The Rangers helped to shape Anglo-American settlement in the Wild, Wild, West by battling Native Americans, expelling the Chinese who’d built the US railway system, chasing down runaway Black slaves, and settling scores on behalf of their land-owning bosses. They functioned as a paramilitary force at the service of both the Texas Republic (1836–1845) and the State, after it joined the union. They relied on raw, physical violence.
It was precisely this pedigree, and these tactics, that birthed the original US Border Patrol.
From the start, the Patrol played a twin role in post-Civil War US society. With the Emancipation Proclamation and the abolition of slavery, the land barons of the American southwest needed another source of cheap labor to ensure maximum profit yields off their tens of thousands of acres of grains, fruit, vegetables, and cotton. They sent scouts across the border to encourage Mexicans to come sow their fields and harvest their crops. But this came into conflict with the nation’s nativists and eugenicists, who were hell-bent on keeping the country white. They marched into the hallowed halls of Congress to sound the alarm, as expert advisers, regarding the threat of “inferior stock.”
A political compromise was forged: the southwestern farmers and ranchers could have their cheap labor as long as it was kept temporary and marginalized. From its inception, therefore, the Border Patrol acted as the private police for the descendants of America’s white colonizers, on the one hand. And on the other, they patrolled the border to keep out the Chinese and other Asians, while monitoring the seasonal flow of Mexican farm hands and produce pickers.

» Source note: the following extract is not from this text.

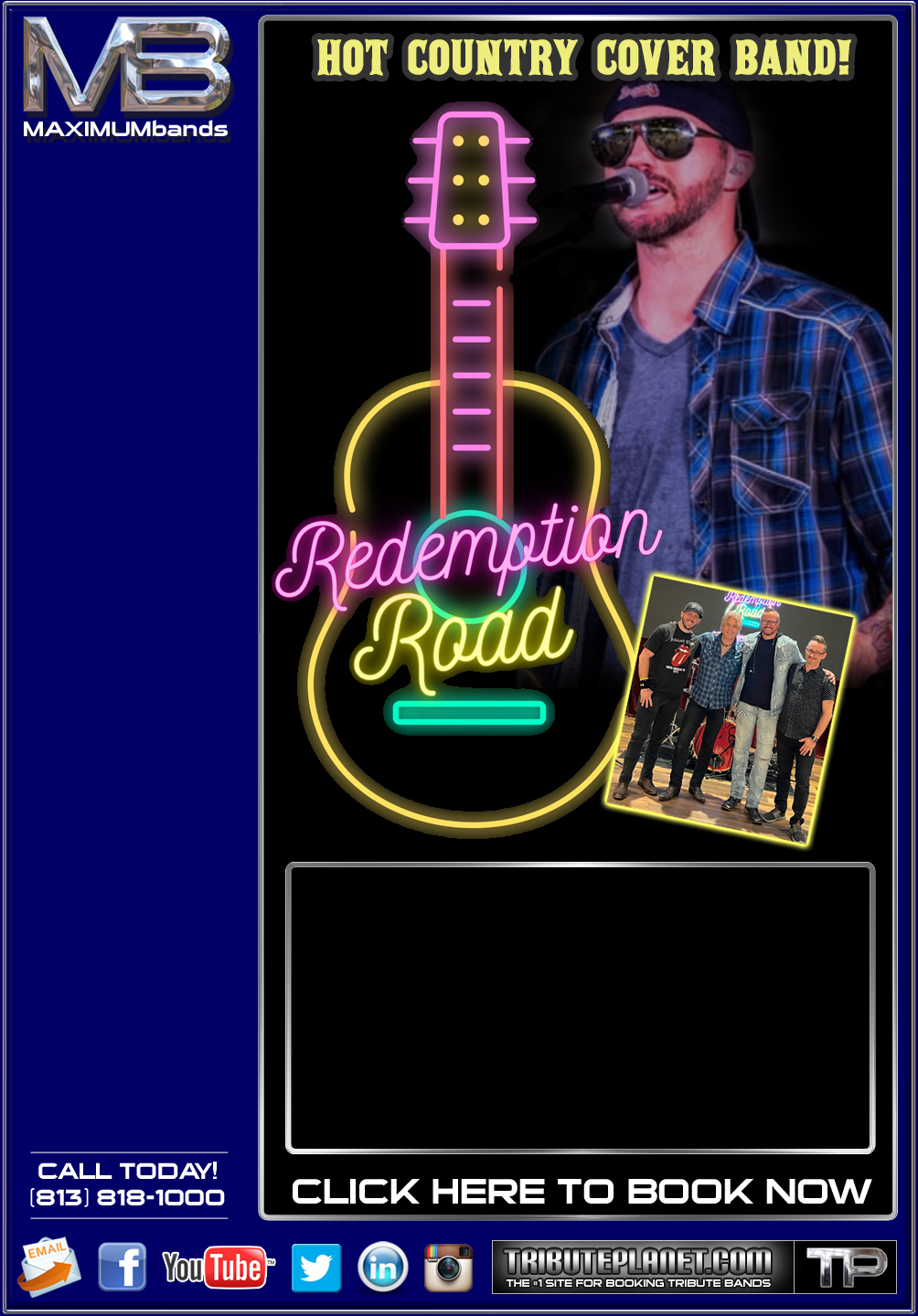 tribute bands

“They were henchmen for the wealthy, people herders, and vigilantes, too,” says Jenn: an agency established on oppression that, even when formalized by the US government, attracted those who couldn’t get into regular law enforcement.

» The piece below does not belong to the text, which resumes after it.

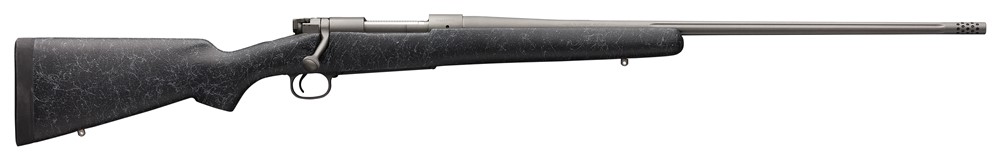 Winchester Repeating Arms Model 70 Extreme 6.8 Western Gray Rifle-img-0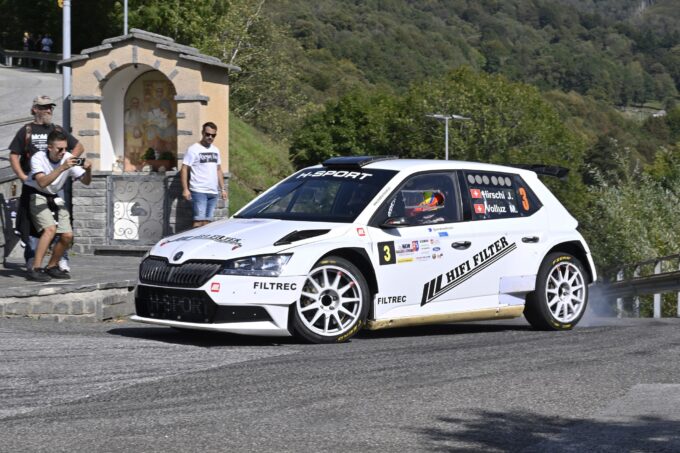 Rally International du Valais 2023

The Patrol gave second-class citizens a leg up out of poverty, a way to rise above, making its foundations classist too. Having grown up surrounded by sanctioned white violence toward people of color, the Patrol crafted itself into a vigilante-style law enforcement agency. As a result, it suffers from a tradition of being looked down upon — the low-life second cousins nobody really wants to acknowledge at the dinner table.

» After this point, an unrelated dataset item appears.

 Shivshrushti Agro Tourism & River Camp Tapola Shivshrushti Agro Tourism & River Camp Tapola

By the end of their first decade as a force, they added another arrow to their quiver. Prohibition gave rise to organized crime and the need to intercept smugglers at the border. Of course, some Border Patrol agents saw opportunity. Corruption thus began to work its way through the ranks. It thrived, in fact, because the Patrol has always operated in the nether-reaches of society with minimal, if any, oversight, and operating under a vow of silence — then as now.
US Border Patrol Pre-9/11: “A Thing That Crushes”
Of course, Jenn knew none this when she joined the agency. Everything she knows today, she learned on the job in Campo, California, from 1995 to 2001.
It only took four months of basic training, however, to figure out the best way to survive the Patrol as a woman: keep to yourself. This wasn’t always by choice. Oftentimes she had to hike her apprehensions back to headquarters because the men in her unit refused to pick her up, which turned out to be not such a bad thing.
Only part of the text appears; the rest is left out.